Finetuning Large Language Model for Personalized Ranking

2405.16127

Published 6/21/2024 by Zhuoxi Bai, Ning Wu, Fengyu Cai, Xinyi Zhu, Yun Xiong

Finetuning Large Language Model for Personalized Ranking

Abstract

Large Language Models (LLMs) have demonstrated remarkable performance across various domains, motivating researchers to investigate their potential use in recommendation systems. However, directly applying LLMs to recommendation tasks has proven challenging due to the significant disparity between the data used for pre-training LLMs and the specific requirements of recommendation tasks. In this study, we introduce Direct Multi-Preference Optimization (DMPO), a streamlined framework designed to bridge the gap and enhance the alignment of LLMs for recommendation tasks. DMPO enhances the performance of LLM-based recommenders by simultaneously maximizing the probability of positive samples and minimizing the probability of multiple negative samples. We conducted experimental evaluations to compare DMPO against traditional recommendation methods and other LLM-based recommendation approaches. The results demonstrate that DMPO significantly improves the recommendation capabilities of LLMs across three real-world public datasets in few-shot scenarios. Additionally, the experiments indicate that DMPO exhibits superior generalization ability in cross-domain recommendations. A case study elucidates the reasons behind these consistent improvements and also underscores DMPO's potential as an explainable recommendation system.

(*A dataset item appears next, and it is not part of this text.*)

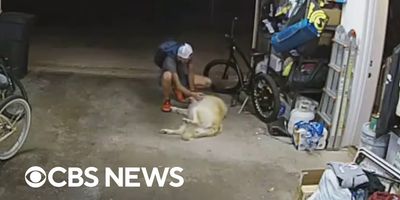 funny dog videos; viral videos; san diego bike thief; thief pets dog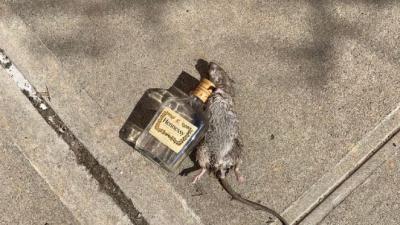 Meanwhile In NY, Rat Lying Next To Empty Bottle Of Hennessy Goes Viral 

Create account to get full access

Introduction

This research paper explores a novel approach to personalizing the ranking of recommendations by finetuning large language models. Large language models (LLMs) have shown impressive capabilities in various natural language tasks, but applying them to personalized recommendation systems has remained a challenge. The key insight of this work is to leverage the expressive power of LLMs and directly optimize their preferences to align with user preferences, rather than relying on more traditional recommendation algorithms.

Related Work

Preference Optimization for Large Language Models

Recent research has explored ways to directly optimize the preferences of large language models to better align them with user preferences. This includes techniques like token-level direct preference optimization and multi-reference preference optimization. The current work builds on these advancements to apply preference optimization for personalized ranking.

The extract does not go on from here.